Cost effectiveness of pneumococcal vaccination among Dutch infants: economic analysis of the seven valent pneumococcal conjugated vaccine and forecast for the 10 valent and 13 valent vaccines

2010 
Objectives To update cost effectiveness estimates for the four dose (3+1) schedule of the seven valent pneumococcal conjugated vaccine (PCV-7) in the Netherlands and to explore the impact on cost effectiveness of reduced dose schedules and implementation of 10 valent and 13 valent pneumococcal vaccines (PCV-10 and PCV-13). Design Economic evaluation comparing PCV-7, PCV-10, and PCV-13 with no vaccination using a decision tree analytic model built from data in previous studies. Setting The Netherlands. Population A cohort of 180 000 newborns followed until 5 years of age. Main outcome measures Costs; gains in life years and quality adjusted life years (QALYs); and incremental cost effectiveness ratios. Results Under base case assumptions—that is, assuming a five year protective period of the vaccine and no assumed net indirect effects (herd protection minus serotype replacement) among children aged over 5 years—vaccination with PVC-7 in a four dose (3+1) schedule was estimated to prevent 71 and 5778 cases of invasive and non-invasive pneumococcal disease, respectively, in children aged up to 5 years. This corresponds with a total net gain of 173 life years or 277 QALYs.
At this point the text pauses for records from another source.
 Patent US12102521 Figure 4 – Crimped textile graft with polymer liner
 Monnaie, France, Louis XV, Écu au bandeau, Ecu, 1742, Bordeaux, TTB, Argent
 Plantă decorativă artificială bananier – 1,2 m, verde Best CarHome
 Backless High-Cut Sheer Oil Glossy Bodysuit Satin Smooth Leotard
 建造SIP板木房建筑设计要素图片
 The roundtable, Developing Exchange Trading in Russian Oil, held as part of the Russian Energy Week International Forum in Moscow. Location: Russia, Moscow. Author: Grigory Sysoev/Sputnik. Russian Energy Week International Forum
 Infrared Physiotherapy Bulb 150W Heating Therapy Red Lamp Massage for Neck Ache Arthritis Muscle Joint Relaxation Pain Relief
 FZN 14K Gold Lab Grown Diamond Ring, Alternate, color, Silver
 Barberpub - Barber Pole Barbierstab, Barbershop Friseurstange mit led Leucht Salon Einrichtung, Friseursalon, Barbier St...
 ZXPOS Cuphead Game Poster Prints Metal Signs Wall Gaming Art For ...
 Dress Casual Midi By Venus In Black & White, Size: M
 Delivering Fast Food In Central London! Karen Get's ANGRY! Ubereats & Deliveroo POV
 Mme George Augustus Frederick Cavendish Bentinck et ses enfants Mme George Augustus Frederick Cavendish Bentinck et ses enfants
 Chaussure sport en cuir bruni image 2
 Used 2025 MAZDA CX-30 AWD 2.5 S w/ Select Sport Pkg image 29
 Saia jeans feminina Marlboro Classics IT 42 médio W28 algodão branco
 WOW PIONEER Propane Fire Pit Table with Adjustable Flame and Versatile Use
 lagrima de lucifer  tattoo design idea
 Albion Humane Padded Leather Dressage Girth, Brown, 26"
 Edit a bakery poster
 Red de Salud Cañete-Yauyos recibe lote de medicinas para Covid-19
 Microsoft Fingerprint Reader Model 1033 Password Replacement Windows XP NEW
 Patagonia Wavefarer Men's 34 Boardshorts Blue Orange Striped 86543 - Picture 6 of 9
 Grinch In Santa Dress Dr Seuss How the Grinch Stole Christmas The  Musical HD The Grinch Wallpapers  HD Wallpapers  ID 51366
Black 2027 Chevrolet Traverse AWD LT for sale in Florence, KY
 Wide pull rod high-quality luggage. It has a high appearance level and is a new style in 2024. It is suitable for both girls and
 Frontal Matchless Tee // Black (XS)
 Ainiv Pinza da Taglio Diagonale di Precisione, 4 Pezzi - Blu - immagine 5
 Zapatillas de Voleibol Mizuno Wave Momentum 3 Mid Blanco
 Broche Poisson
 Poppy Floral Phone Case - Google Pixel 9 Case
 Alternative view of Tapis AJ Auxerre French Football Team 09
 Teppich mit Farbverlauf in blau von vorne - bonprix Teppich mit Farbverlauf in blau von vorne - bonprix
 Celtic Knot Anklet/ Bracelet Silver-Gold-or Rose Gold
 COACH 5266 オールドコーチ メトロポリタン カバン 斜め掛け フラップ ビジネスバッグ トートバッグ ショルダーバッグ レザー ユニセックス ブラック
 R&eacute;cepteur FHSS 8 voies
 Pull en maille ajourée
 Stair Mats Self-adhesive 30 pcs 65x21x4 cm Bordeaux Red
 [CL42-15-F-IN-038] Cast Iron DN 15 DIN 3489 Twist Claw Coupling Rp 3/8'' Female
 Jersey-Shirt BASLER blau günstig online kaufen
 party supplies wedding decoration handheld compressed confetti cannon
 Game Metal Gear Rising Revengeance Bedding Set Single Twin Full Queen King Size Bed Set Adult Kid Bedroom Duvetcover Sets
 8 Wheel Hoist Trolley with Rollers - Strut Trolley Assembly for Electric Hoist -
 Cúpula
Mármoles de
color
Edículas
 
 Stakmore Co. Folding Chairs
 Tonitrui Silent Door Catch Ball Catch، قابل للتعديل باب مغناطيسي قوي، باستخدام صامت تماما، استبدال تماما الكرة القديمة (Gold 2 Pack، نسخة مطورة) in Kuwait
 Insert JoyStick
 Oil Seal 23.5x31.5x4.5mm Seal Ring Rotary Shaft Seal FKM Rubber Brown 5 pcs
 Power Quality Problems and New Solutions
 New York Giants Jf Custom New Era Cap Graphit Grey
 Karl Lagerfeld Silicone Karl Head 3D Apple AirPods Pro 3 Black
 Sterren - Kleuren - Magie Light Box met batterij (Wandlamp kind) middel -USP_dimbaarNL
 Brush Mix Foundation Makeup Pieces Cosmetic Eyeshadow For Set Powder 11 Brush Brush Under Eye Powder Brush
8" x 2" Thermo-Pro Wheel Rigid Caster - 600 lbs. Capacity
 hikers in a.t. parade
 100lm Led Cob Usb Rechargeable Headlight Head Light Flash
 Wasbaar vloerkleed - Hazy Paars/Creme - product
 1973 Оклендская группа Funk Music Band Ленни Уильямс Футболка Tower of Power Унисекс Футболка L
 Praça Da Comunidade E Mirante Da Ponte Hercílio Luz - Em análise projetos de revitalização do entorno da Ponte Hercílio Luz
The incremental cost effectiveness ratio of PCV-7 was estimated at €113 891 (£98 300; $145 000) per QALY, well over the ratio of €50 000 per QALY required for PCV-7 to be regarded as potentially cost effective. A three dose (2+1) schedule of PCV-7 reduced the incremental cost effectiveness ratio to €82 975 per QALY. For various assumptions and including 10% of the maximum net indirect effects among individuals aged 5 years and over, PCV-10 and PCV-13 had incremental cost effectiveness ratios ranging from €31 250 to €52 947 per QALY. Conclusions The current Dutch infant vaccination programme of four doses of PCV-7 is not cost effective because of increases in invasive disease caused by non-vaccine serotypes, which reduces the overall direct effects of vaccination and offsets potential positive herd protection benefits in unvaccinated individuals. The 10 valent and 13 valent pneumococcal vaccines could have better net health benefits than PCV-7 through less replacement disease and increased herd protection. Both these effects could substantially reduce the incremental cost effectiveness ratio to possibly acceptable levels, if total programme costs can be lowered by reduced schedules, reductions in vaccine prices, or both.